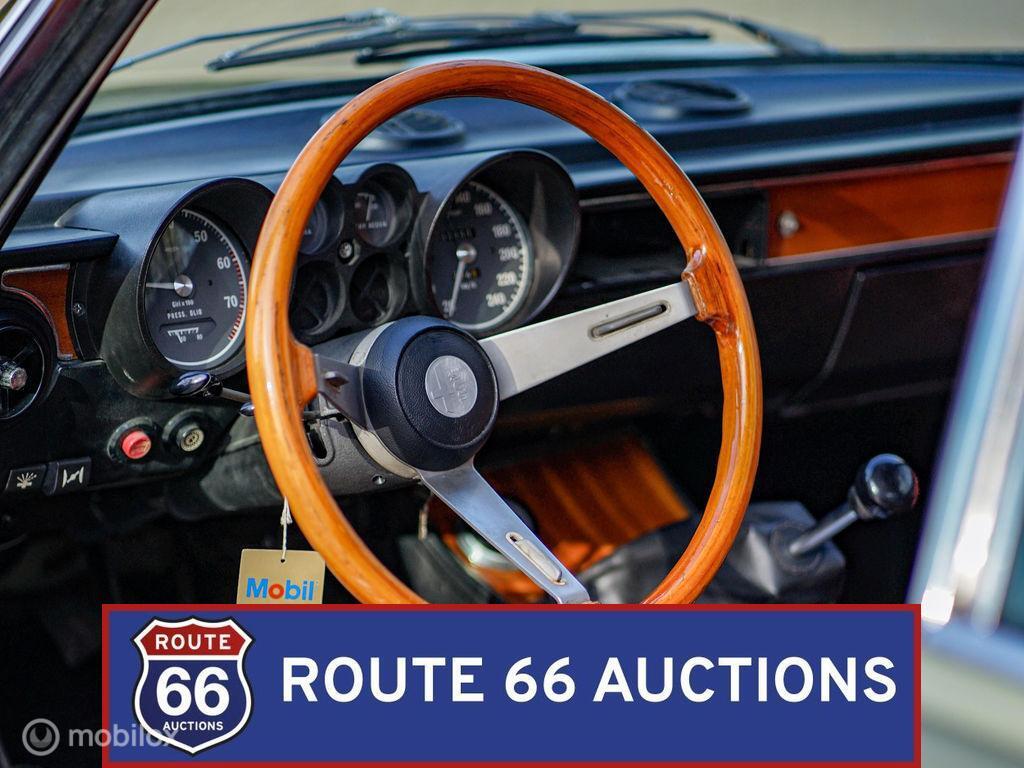 Alfa Romeo 2000 GTV | 1975 | Route 66 Auctions, Auto's, Oldtimers, Overige carrosserieën, Zwart, Bedrijf, Handgeschakeld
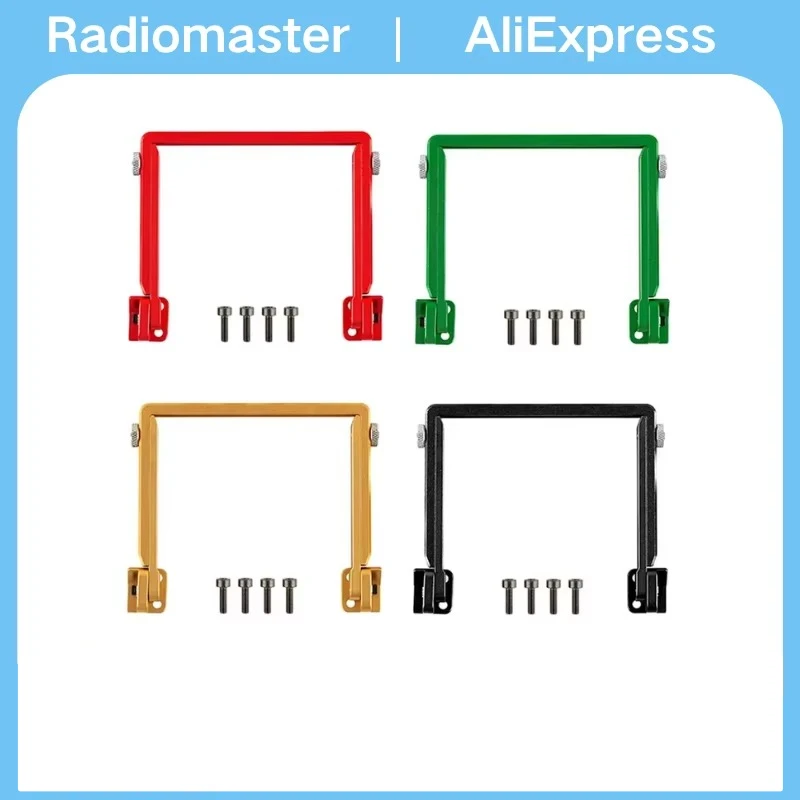 RadioMaster Boxer CNC Metal Folding Stand Adjustable Length 2-in-1 Handle & Bench Stand Precision for RC Radio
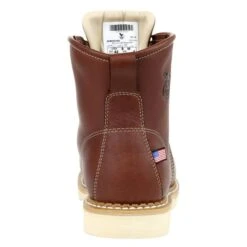 Men's Georgia USA Wedge Moc Toe Boots -Stride Shield Shop 1 650 georgia usa wedge moc toe brown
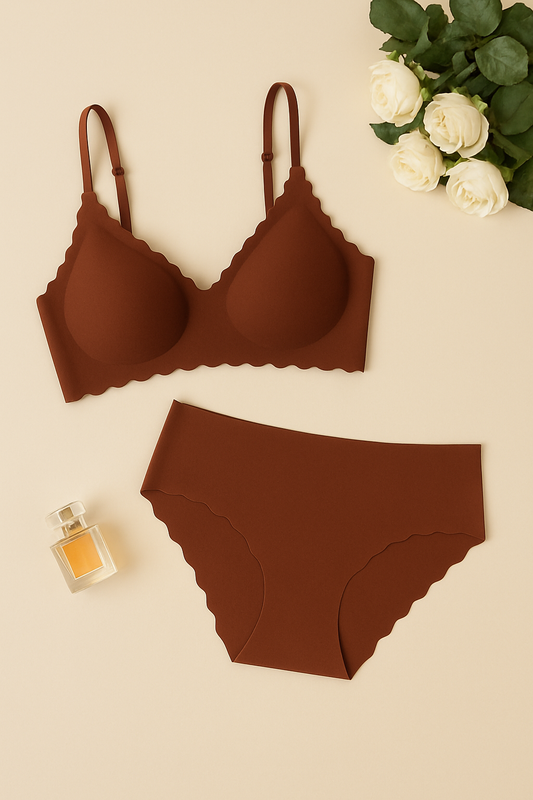 Seamless Strapless Bra and Panty Set
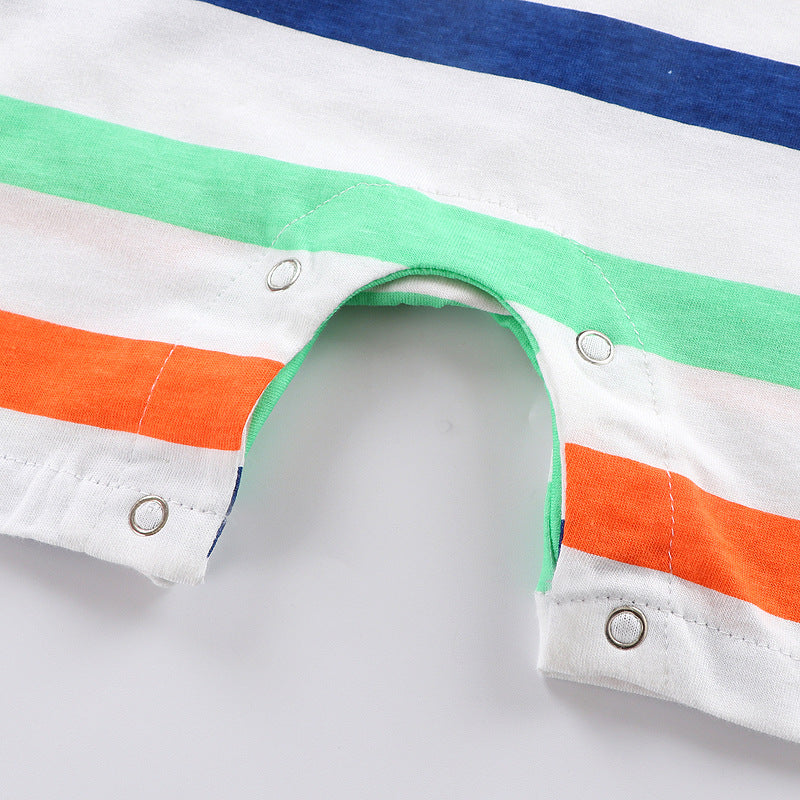 Spring and Summer New Baby Short Sleeve Romper Summer Spring Autumn Thin Newborn Romper a Newborn Short Sleeve Romper A Class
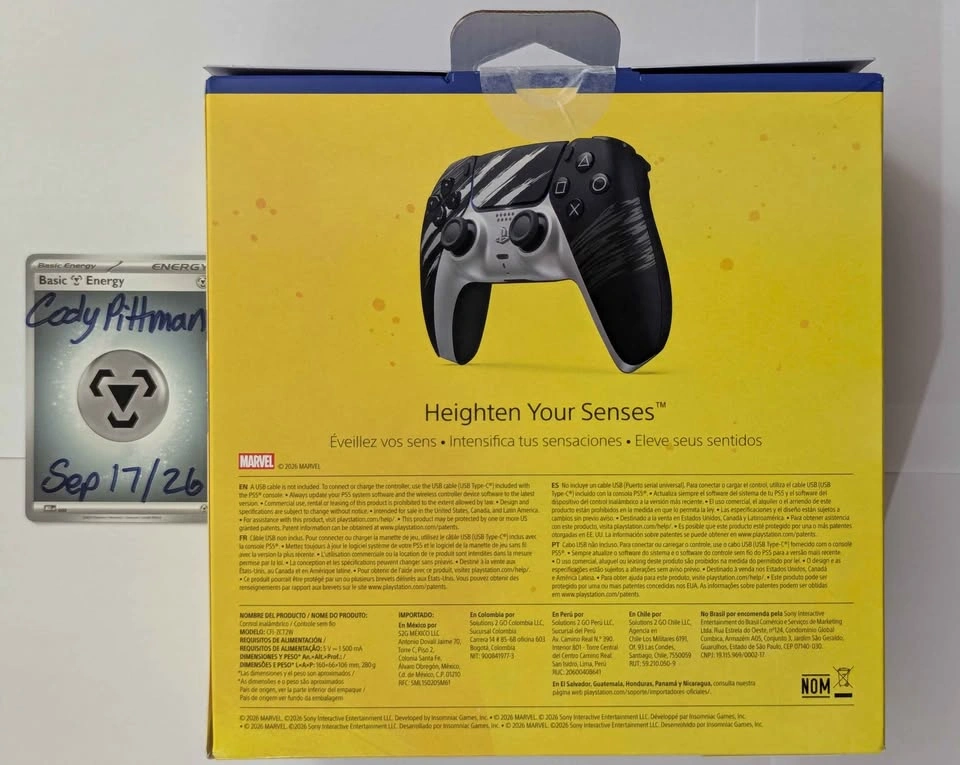 NEW Wolverine PlayStation 5 Controller - photo 2
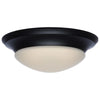 Satco 62-687 LED 12 18W Twist & Lock Fixture Matte Black Finish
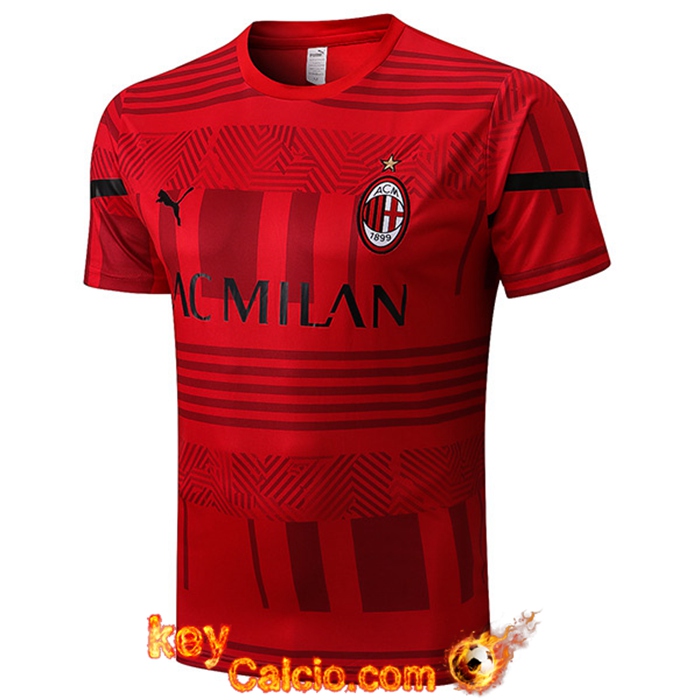 T Shirt Allenamento AC Milan Rosso 2022/2023
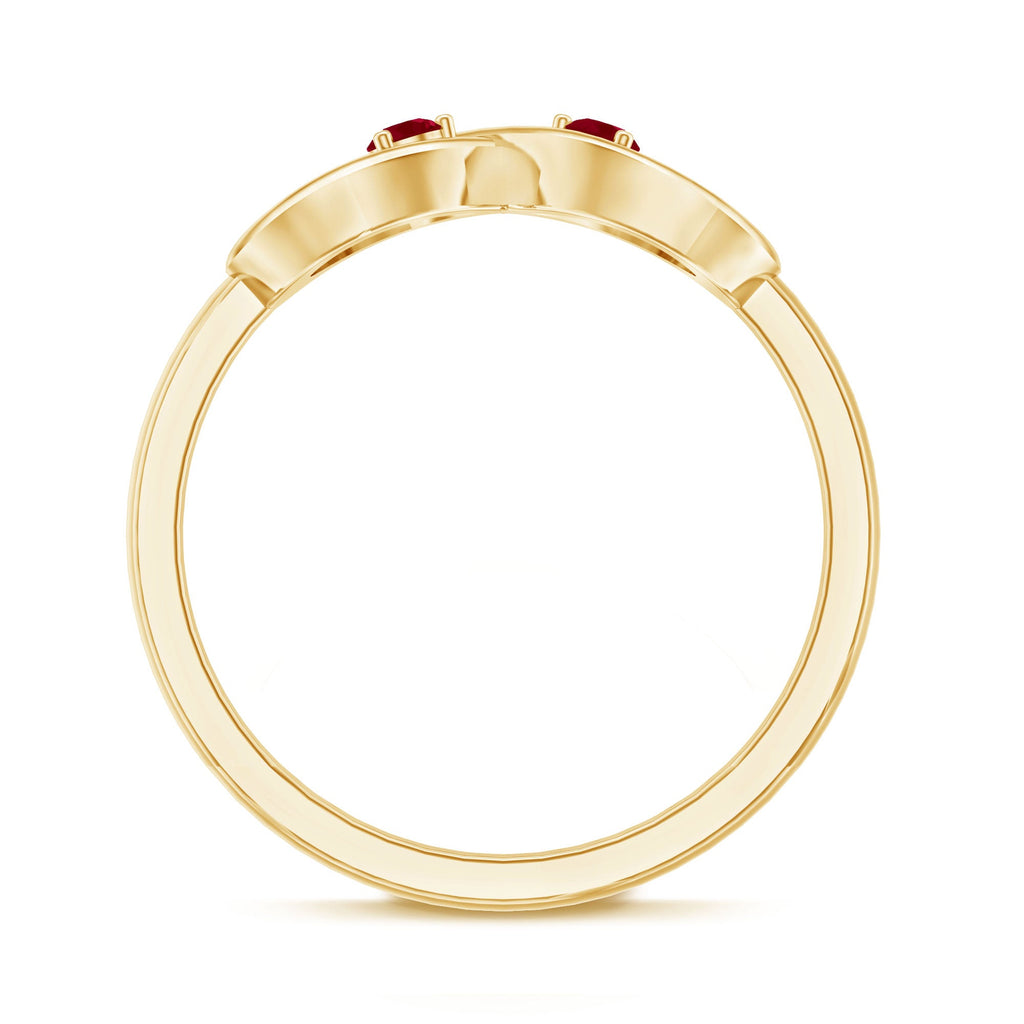 Ruby Infinity Promise Ring for Her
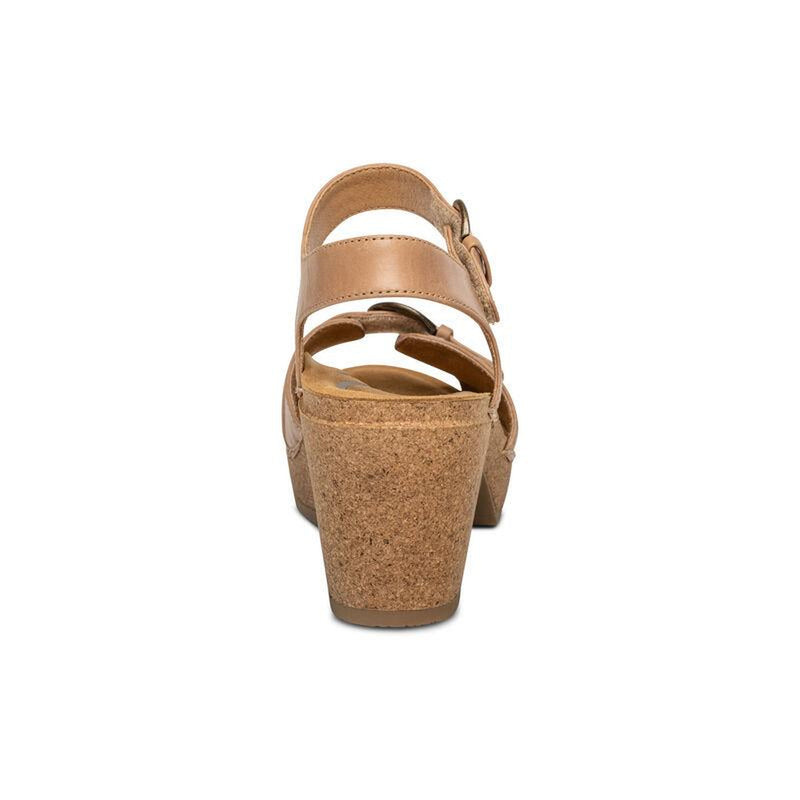Aetrex Womens Tory Open Toe Heels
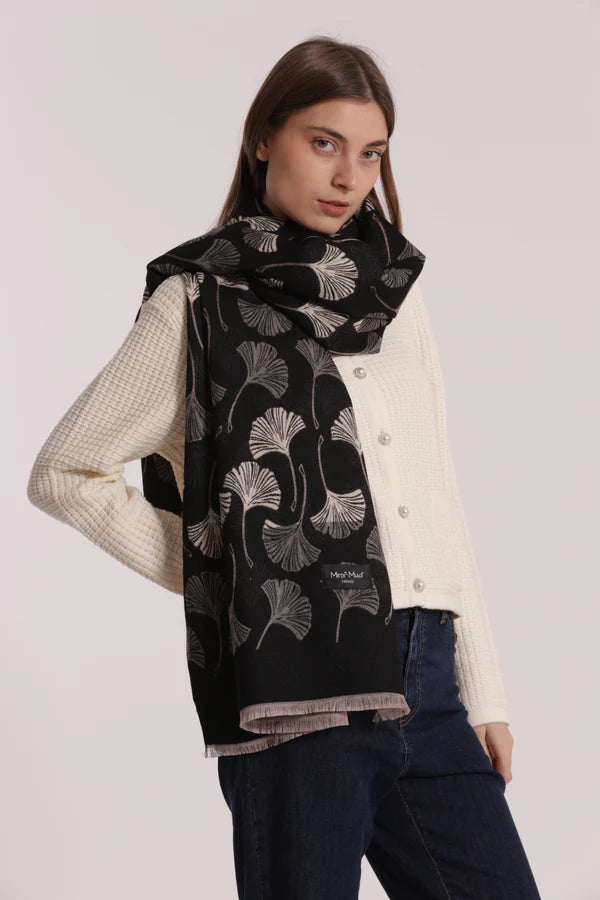 Sciarpa Mimi-Mua 9259 con foglie Ginko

:::

__Task to complete__: Exactly as written, return each line above and leave the pictures behind.

__Answer box__:
 Alfa Romeo 2000 GTV | 1975 | Route 66 Auctions, Auto's, Oldtimers, Overige carrosserieën, Zwart, Bedrijf, Handgeschakeld
 RadioMaster Boxer CNC Metal Folding Stand Adjustable Length 2-in-1 Handle & Bench Stand Precision for RC Radio
 Men's Georgia USA Wedge Moc Toe Boots -Stride Shield Shop 1 650 georgia usa wedge moc toe brown
 Seamless Strapless Bra and Panty Set
 Spring and Summer New Baby Short Sleeve Romper Summer Spring Autumn Thin Newborn Romper a Newborn Short Sleeve Romper A Class
 NEW Wolverine PlayStation 5 Controller - photo 2
 Satco 62-687 LED 12 18W Twist & Lock Fixture Matte Black Finish
 T Shirt Allenamento AC Milan Rosso 2022/2023
 Ruby Infinity Promise Ring for Her
Aetrex Womens Tory Open Toe Heels
 Sciarpa Mimi-Mua 9259 con foglie Ginko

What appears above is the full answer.